Getreu den Lehren des großen Ökonomen John Maynard Keynes favorisiert Stiglitz statt dessen antizyklische Investitionen, um das Wachstum zu stärken und aus der Krise herauszuwachsen, anstatt sich weiter hineinzusparen. Dies solle dann allerdings über höhere Steuern gegenfinanziert werden. Exemplarisch nannte er die von der Finanzlobby wie das Weihwasser gescheute Finanztransaktionssteuer (Einführung einer Mehrwert-/Umsatzsteuer auf Finanzprodukte), deren Einführung auf der Euroebene allerdings kürzlich erst an Bundesfinanzminister Schäuble gescheitert ist.
Exkurs: Deutschland ist dabei nicht das erste mal vor der Finanzlobby eingeknickt: Auch das internationale Abkommen zur Regulierung der Banken, Basel III, wurde auf Drängen des internationalen Bankenverbandes IIF unter dessen Chef Joseph Ackermann laut dem Wall Street Journal von den deutschen Unterhändlern verwässert
Ein weiteres Beispiel ist der ohne Not geringere Steuersatz in dem bilateralen Steuerabkommen mit der Schweiz, in dem Deutschland sogar den Zinssatz in dem Äquivalent zwischen Großbritannien und der Schweiz unterläuft, sowie noch deutlicher und gravierender unter der von der EU geforderten einheitlichen Quellensteuer mit der Schweiz liegt. Stiglitz fordert auch eine gemeinsame Haushaltsbehörde für den Euro-Raum, um die regionalen Unterschiede in der Wirtschaftskraft auszugleichen. Dies zielt in Richtung einer Transferunion, um strukturschwache Euro-Regionen zu fördern. Dies ist auch ein Seitenhieb gegen vorschnelle Erweiterungen der Eurozone in der jüngeren Vergangenheit, in deren Zug ärmere Regionen „aufgekauft“ werden konnten, anstatt sie zunächst an das Niveau der Kernländer heranzuführen.
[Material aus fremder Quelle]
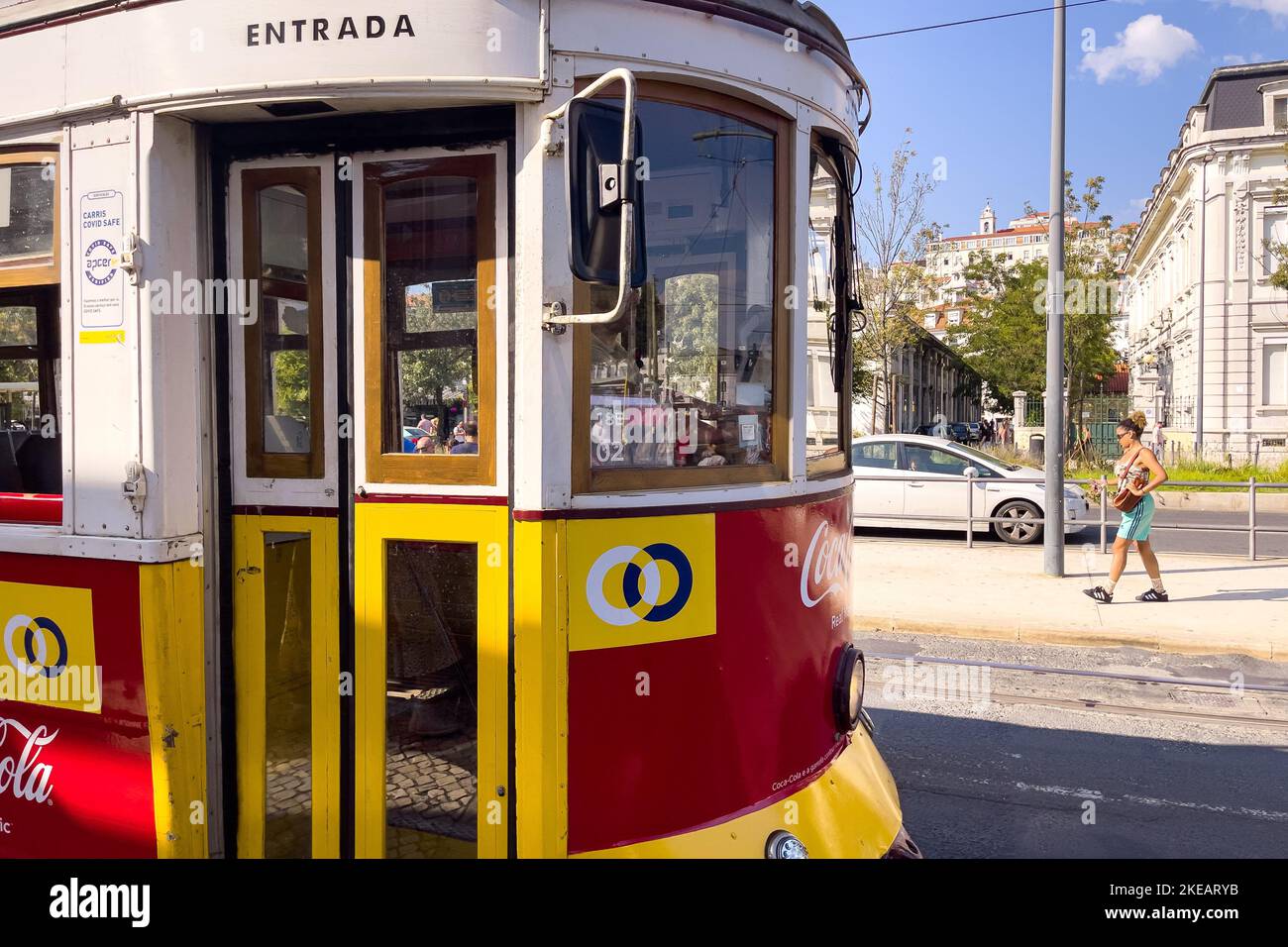 Tram retrò con persone intorno Foto Stock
Laut Stiglitz müssten sich Europa und die USA auf einen zunehmenden Machtverlust einstellen, während China und Indien in der Weltwirtschaft zunehmend an Bedeutung gewinnen würden. Damit würde laut Stiglitz allerdings nur eine „Anomalie der Geschichte korrigiert“ werden, die erst in den letzten 200 Jahren aufkam. Die Machtverschiebung werde allerdings nicht ohne Konflikte ablaufen: „Ich erwarte eine ganze Menge geopolitische und wirtschaftliche Auseinandersetzungen. Man wird darüber streiten, wer die Geschicke der Welt lenkt.“
Am Ende des Interviews lieferte Stiglitz dann noch eine grundsätzliche Kapitalismuskritik: Der Kapitalismus in seiner derzeitigen Ausformung würde nur einem kleinen Teil der Menschen wirklich nutzen. „Der Wohlstand wird ungleich verteilt, das meiste geht an die Spitze, an der Basis bleibt wenig.“ Die Volkswirtschaften bräuchten „mehr Transparenz, mehr Einkommensgerechtigkeit und vor allem: mehr Moral“.